Resting-state fMRI data analyses were processed using the Statistical Parametric Mapping (SPM8, http://www.fil.ion.ucl.ac.uk/spm) and Data Processing Assistant for Resting-State fMRI (DPARSF) V2.0 Basic Edition62. Preprocessing included slice timing correction, within-subject spatial realignment, between-subject spatial normalization to the Montreal Neurological Institute (MNI) coordinate space with 3 × 3 × 3 mm3 re-sampling, spatial smoothing with a 4-mm Gaussian kernel, linear detrending and temporal band-pass filtering (0.01–0.08 Hz). The 34 participants included in the analysis had head motions less than 2.0 mm in any direction and less than 2.0° of any angular motion during the resting-state scan12. Following the process of Zang et al.12, the ALFF value of each voxel was measured as the sum of amplitudes within the low-frequency range. Specifically, the time series was first converted to the frequency domain using fast Fourier transformation (FFT) to obtain the power spectrum for each voxel. Then, the square root of the power spectrum was averaged across the low frequency band (0.01–0.08 Hz), which was taken as the ALFF. For standardization, the ALFF value of each voxel was divided by the global mean ALFF value.

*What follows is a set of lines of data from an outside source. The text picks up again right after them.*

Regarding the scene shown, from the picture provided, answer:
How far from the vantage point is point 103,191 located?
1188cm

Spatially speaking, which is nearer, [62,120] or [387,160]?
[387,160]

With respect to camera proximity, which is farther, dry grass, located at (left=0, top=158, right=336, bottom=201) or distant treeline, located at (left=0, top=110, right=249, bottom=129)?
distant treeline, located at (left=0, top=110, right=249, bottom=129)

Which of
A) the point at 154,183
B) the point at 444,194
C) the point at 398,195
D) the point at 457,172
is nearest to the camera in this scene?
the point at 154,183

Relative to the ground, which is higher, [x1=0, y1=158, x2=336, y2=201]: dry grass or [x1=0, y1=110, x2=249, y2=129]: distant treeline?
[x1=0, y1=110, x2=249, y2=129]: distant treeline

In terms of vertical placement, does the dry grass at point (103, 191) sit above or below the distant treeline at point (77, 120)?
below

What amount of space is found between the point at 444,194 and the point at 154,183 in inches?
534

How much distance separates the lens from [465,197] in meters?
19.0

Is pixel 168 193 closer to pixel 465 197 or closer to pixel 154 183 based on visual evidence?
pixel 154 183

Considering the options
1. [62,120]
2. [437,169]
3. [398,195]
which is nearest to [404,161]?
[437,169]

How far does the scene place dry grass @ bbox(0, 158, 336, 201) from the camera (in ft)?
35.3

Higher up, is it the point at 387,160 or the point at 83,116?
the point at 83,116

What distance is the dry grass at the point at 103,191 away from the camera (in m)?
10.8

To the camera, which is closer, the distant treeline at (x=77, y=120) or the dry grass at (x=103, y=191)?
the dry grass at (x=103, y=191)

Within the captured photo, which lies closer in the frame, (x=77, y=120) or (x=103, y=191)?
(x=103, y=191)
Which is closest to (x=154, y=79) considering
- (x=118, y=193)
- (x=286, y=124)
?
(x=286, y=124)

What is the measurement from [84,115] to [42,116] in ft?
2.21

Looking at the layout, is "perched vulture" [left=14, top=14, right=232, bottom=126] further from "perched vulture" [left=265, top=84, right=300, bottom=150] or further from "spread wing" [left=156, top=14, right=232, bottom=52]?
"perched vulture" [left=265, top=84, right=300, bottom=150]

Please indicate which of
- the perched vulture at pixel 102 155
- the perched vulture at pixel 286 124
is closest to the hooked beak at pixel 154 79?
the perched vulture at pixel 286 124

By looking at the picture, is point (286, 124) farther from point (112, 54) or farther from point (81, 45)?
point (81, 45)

To identify brain regions that underwent intervention-related changes in spontaneous activity, the whole-brain voxel-wise group (control vs. intervention, between-subjects) × intervention (pre vs. post, within-subjects) ANOVA (AlphaSim correction, p < .01) analysis was performed on individual ALFF maps. Age and years of education were included as confounding covariates in the statistical analyses. The regions with significant group × intervention interactions were then defined as regions of interest (ROIs). We calculated the mean ALFF of all voxels within each ROI. Paired sample t-tests (p < .05) were then conducted on the mean ALFF to examine the effects of intervention on spontaneous activity in each ROI for the two groups. To examine the correlation of changes in intrinsic brain activity and intervention-induced behavioral improvements, we computed the partial correlations between intervention-related ALFF changes in the ROIs and intervention-related changes in behavioral performance with age and baseline behavioral performance as covariates. The significance level was set at .05 (Bonferroni corrected), but we failed to obtain any significant correlation. Since the exploratory nature of the current analysis, we further compute the correlation analysis at a relatively loose significance level (p < .1, Bonferroni corrected). To test whether behavioral performance changes could be predicted by baseline brain intrinsic activity, we assessed relationships between baseline ALFF and behavioral changes using partial correlations with age and baseline behavioral performance as covariates (p < .05, Bonferroni corrected). For all behavioral tests except TMT, intervention-related performance changes were indexed by post-minus-pre score differences. Because a larger TMT score meant poorer performance, we used pre-minus-post score difference as the index of TMT change, so that greater change scores indicated greater improvements for all behavioral tests.